Installés dans la cogestion, les syndicats de police disposent pourtant de suffisamment d’influence en interne pour rarement avoir à descendre dans la rue. Du 1er au 4 décembre, 125 000 policiers, ainsi que les autres personnels du ministère de l'intérieur, sont appelés à voter pour élire leurs représentants au sein des instances paritaires. Les revendications de cette campagne portent essentiellement sur des enjeux catégoriels : retraites, grilles indiciaires, cycles de travail, effectifs, etc. Flic est l’une des professions les plus syndiquées.

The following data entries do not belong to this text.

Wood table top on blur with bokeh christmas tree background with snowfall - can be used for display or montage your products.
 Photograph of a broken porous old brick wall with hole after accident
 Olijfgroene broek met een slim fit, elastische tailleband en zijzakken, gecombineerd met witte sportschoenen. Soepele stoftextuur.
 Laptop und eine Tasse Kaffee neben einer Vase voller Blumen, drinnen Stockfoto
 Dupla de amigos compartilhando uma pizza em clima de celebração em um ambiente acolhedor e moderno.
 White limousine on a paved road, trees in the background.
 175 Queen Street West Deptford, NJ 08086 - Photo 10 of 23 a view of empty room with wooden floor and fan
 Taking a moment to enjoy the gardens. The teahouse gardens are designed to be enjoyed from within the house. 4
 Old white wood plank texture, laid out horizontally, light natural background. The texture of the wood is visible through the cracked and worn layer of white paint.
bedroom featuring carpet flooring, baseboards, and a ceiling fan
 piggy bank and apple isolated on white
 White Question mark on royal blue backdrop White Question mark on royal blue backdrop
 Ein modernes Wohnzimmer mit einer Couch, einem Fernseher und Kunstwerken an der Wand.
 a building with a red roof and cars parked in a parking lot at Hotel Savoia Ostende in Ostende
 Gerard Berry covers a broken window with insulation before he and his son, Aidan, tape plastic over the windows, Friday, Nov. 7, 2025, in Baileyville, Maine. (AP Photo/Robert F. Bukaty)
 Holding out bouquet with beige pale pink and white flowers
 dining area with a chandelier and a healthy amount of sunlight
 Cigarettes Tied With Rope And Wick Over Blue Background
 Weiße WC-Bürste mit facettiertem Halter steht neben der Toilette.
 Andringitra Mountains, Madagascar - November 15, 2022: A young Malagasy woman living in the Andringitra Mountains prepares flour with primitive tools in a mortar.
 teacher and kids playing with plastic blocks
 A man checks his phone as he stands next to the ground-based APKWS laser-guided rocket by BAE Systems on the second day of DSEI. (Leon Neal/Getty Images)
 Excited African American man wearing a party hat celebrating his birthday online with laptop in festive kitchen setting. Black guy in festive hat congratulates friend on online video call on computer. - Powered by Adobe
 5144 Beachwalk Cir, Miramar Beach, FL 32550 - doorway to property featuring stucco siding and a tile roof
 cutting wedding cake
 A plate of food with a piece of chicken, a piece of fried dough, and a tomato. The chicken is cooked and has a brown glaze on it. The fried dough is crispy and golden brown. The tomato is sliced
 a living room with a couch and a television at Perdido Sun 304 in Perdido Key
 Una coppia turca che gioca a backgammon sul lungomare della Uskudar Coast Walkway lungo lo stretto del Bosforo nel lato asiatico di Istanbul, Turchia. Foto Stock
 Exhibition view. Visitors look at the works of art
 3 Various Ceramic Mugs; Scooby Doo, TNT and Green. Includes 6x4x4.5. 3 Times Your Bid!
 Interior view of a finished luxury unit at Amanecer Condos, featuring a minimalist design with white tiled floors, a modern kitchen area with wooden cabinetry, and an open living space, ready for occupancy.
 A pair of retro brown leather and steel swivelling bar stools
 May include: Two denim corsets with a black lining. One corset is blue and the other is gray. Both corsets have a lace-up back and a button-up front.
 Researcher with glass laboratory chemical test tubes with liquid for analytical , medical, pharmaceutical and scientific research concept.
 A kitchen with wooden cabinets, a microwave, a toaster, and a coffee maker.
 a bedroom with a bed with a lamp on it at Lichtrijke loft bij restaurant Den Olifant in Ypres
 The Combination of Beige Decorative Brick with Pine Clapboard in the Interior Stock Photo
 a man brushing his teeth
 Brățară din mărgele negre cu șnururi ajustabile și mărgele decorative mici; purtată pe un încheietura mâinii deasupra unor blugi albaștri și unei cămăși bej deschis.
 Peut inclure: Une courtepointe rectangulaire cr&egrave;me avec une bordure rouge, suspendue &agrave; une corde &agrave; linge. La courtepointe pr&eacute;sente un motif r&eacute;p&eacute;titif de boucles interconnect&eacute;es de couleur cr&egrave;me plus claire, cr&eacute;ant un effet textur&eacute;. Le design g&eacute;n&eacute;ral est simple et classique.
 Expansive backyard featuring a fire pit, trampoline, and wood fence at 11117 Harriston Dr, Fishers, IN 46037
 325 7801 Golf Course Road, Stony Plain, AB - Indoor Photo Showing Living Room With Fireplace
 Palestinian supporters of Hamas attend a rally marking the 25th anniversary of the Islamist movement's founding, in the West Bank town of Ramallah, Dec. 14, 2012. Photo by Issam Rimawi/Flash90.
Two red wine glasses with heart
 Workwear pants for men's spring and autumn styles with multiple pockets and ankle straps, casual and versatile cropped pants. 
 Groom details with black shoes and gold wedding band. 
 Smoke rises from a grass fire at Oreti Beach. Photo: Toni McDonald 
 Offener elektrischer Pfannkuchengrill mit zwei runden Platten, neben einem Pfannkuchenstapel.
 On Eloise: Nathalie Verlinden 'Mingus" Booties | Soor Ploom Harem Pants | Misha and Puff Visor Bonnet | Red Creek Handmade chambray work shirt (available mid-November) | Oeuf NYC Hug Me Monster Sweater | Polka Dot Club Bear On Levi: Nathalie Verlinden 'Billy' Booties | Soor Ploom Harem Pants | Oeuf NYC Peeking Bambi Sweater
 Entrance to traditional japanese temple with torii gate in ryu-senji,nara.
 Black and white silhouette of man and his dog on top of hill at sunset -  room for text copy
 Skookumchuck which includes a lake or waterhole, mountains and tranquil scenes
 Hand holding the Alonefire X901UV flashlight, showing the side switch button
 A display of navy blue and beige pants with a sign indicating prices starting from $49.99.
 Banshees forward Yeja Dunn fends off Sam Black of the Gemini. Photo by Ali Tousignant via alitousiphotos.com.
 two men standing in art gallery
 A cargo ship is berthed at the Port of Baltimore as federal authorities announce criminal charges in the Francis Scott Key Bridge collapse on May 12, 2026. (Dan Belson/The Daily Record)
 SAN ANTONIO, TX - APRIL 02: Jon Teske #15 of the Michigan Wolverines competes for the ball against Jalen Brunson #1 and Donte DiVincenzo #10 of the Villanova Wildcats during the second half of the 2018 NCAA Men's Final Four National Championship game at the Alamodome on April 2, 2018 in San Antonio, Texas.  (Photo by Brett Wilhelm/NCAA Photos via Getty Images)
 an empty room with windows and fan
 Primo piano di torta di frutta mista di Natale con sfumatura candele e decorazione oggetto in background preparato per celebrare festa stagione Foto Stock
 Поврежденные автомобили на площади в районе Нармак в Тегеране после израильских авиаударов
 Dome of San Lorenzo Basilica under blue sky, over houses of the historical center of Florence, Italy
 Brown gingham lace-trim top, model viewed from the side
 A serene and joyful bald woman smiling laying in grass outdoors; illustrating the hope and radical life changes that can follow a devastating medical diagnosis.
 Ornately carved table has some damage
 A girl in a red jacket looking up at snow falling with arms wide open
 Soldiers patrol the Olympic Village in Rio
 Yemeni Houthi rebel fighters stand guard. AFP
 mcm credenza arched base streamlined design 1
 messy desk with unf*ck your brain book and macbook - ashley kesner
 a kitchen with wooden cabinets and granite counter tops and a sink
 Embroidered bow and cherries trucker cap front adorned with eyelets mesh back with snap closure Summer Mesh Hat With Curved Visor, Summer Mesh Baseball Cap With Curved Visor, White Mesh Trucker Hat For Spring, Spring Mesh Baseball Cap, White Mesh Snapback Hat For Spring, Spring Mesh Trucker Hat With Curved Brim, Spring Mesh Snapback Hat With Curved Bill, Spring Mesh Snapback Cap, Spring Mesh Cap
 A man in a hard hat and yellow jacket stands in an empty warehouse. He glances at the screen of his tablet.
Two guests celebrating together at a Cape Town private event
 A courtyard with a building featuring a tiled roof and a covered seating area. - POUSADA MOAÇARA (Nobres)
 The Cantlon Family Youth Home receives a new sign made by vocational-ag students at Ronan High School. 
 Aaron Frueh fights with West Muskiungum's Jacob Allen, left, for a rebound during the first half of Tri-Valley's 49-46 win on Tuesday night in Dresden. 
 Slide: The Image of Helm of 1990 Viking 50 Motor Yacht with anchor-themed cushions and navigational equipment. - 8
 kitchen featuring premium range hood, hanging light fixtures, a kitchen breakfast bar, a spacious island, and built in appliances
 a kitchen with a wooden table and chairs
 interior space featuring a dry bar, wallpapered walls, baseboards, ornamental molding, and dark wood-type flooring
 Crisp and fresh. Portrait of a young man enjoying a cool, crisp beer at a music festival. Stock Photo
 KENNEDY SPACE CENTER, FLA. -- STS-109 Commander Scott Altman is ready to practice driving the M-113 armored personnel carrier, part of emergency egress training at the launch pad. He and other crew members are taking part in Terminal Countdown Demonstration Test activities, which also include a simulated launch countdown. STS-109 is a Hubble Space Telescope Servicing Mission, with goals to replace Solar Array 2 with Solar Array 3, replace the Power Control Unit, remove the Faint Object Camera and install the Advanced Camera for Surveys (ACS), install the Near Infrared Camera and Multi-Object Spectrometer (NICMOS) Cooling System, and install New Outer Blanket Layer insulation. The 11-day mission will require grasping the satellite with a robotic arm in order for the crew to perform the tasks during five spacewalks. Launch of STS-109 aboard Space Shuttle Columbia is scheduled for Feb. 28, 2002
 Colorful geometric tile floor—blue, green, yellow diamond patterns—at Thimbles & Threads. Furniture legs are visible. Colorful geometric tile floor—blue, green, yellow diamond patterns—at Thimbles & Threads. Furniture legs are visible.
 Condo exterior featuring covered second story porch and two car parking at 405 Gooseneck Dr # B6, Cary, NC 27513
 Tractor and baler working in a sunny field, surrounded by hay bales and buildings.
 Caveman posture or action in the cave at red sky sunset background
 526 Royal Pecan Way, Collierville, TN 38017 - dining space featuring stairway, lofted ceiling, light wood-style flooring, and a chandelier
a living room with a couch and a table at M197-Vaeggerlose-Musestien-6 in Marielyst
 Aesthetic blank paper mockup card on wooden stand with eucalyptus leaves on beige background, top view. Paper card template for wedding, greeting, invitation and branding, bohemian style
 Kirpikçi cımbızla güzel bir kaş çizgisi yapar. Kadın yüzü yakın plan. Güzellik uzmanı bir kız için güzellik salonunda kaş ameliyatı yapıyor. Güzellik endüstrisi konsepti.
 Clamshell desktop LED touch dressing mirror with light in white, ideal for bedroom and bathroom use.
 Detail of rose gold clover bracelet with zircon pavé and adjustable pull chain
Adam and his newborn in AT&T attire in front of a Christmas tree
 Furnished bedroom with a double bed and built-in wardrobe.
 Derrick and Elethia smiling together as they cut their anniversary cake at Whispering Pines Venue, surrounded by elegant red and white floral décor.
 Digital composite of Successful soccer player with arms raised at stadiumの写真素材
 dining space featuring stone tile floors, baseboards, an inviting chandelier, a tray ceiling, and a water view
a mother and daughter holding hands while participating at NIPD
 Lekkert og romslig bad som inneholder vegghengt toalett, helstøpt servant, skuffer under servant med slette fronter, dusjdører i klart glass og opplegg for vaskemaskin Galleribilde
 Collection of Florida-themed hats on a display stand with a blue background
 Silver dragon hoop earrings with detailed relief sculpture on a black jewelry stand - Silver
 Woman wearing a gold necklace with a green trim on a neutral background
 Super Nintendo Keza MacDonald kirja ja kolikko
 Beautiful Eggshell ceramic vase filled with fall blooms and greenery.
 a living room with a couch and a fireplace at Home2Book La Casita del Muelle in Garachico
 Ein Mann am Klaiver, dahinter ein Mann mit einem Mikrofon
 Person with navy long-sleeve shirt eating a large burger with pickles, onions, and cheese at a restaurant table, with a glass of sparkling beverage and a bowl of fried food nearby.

Aux dernières élections de 2010, leur taux de participation frôlait les 83 %.

En 2008, Unité SGP Police FO était arrivé premier avec 47,8 %, suivi par Alliance police nationale (37,6 %) et l’Unsa police (9,7 %). Cette année, les cartes risquent d’être rebattues par l’application de la loi de 2008 sur la représentativité (lire en Prolonger), qui a obligé les syndicats policiers à se rattacher aux grandes confédérations (CFDT, CGT, FO, Unsa, CFE-CGC, CFTC). C'est ainsi qu’Alliance police, syndicat de gardiens et gradés, est désormais affilié à un « syndicat de l’encadrement », la CFE-CGC, auquel est également rattaché le Syndicat indépendant des commissaires de police (SICP), qui rassemble les patrons des gardiens.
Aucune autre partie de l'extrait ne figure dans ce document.